I've been having a lot of anxiety lately, and I can't exactly pin down why. I assume it's either because I'm not getting something that I want or need, or I'm doing things that I don't want to do. I get a little of that every spring, even though I now live where spring is basically indiscernible from half of the year. It feels different this time though... like there's high potential for a midlife crisis.

Really though, I don't think it's what one would classically define as said crisis. It implies that one is unhappy or depressed, and generally I am not those things, and I don't expect that I will be. If there's one thing that I've become a lot better at in the last decade, it's becoming self-aware perhaps to a fault. My crisis, I think, settles more around the idea that I've not taken substantial risks or lived life to some arbitrary potential or something.

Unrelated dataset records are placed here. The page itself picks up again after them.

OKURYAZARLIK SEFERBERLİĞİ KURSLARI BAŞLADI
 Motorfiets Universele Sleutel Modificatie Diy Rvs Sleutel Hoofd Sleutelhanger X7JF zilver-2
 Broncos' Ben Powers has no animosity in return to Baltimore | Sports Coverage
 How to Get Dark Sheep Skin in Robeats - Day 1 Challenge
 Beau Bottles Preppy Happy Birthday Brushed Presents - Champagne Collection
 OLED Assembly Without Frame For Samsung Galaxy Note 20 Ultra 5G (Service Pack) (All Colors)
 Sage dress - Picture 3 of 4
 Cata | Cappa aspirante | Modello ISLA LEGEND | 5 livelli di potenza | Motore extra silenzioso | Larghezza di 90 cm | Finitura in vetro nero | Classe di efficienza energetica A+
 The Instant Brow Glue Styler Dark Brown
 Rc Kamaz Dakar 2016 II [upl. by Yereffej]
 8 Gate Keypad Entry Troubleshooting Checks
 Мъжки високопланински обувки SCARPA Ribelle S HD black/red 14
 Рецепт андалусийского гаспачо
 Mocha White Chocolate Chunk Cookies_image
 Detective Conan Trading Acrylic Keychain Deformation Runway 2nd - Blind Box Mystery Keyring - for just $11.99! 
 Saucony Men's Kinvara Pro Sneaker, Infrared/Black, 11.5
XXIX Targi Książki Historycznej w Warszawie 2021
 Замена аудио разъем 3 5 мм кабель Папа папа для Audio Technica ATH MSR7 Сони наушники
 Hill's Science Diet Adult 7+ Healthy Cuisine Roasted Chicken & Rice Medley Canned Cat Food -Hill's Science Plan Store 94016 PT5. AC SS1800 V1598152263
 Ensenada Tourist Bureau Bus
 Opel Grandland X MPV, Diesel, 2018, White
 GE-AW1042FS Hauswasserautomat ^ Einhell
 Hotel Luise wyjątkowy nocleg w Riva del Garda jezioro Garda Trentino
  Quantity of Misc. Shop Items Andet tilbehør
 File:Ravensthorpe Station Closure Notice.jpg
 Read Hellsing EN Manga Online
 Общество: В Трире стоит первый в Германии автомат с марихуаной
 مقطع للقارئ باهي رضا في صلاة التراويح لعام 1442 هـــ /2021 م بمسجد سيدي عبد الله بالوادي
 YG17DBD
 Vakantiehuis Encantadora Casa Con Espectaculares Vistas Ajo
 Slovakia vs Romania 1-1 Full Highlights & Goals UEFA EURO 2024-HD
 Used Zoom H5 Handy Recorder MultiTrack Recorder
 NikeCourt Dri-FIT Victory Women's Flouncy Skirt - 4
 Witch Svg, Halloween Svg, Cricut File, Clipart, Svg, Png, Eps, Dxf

In the context of the first half of my life, there's some truth to that. I married into my first serious adult relationship. I never moved far from home or explored professional opportunity elsewhere. Heck, those two things together were one of the issues with my first marriage, and it was definitely not fair to Steph. Even when I switched careers, I stuck to what was safe and easy.

Post-divorce (or during), my risk taking ability changed to some degree, but probably only in certain areas. Socially, I had no issue dating younger women, and I was done with living in my home town and state. I experimented with body piercing and hair color. I looked for more challenging work. I lived in five places in four years, too, so I shook that problem as well.

These days, I'm mature enough to know that risk for the sake of risk is, well, immature. Still, I find myself thinking a lot about whether or not I'm missing out on something bigger. Don't worry, hookers and blow are not my style. Ditto for sports cars. (Now a Tesla Model S... well, OK, I can't logically rationalize that.) My travel bug is pretty ridiculous, but there are some practical limitations around that because of Simon.

I didn't really have time to notice that I crossed the 40 mark, but I can tell you that I'm not suddenly more aware of my eventual mortality. I think my anxiety is rooted more in the idea that I squandered some of my earlier years, and I don't want to miss out on "something" in my able-bodied years. I just can't define what that is.

Maybe this is just another level of self-awareness. If you can be happy in life, and you can still identify the potential for it being "better," there is definitely some value in that. I know it doesn't involve "stuff," but what experiences would improve my life? What does my non-depressed version of a midlife crisis look like?